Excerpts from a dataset

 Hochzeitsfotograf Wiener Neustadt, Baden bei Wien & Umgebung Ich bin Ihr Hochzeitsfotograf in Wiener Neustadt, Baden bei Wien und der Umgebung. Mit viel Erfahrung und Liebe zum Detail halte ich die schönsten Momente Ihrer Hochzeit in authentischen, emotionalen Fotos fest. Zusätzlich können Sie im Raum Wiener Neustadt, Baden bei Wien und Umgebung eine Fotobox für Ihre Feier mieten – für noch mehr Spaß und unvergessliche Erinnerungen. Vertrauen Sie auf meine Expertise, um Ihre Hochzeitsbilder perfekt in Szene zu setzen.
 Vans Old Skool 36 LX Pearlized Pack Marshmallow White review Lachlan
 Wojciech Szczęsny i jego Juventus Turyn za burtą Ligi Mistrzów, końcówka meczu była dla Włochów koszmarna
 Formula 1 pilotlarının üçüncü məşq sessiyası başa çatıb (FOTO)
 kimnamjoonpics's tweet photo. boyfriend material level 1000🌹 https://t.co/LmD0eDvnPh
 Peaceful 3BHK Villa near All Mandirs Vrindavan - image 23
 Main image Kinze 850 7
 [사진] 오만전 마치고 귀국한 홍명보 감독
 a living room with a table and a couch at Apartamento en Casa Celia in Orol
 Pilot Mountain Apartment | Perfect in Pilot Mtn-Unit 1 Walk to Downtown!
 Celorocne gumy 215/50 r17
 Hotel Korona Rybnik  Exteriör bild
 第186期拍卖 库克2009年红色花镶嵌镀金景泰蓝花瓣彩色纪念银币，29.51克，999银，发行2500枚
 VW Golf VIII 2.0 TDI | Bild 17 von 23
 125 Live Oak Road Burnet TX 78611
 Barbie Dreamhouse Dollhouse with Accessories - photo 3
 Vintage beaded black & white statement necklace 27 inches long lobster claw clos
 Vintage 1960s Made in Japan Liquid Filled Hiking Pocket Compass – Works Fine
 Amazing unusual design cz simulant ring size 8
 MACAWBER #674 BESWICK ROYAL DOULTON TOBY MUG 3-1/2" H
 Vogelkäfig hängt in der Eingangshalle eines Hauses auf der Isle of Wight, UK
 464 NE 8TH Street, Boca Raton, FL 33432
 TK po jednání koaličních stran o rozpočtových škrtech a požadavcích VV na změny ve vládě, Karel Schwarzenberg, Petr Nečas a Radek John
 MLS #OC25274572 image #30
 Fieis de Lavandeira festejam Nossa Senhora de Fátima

Goal of the exercise: The string "image" marks the lines to copy; report each of them from the data above.

Response area:
 Peaceful 3BHK Villa near All Mandirs Vrindavan - image 23
 Main image Kinze 850 7
 MLS #OC25274572 image #30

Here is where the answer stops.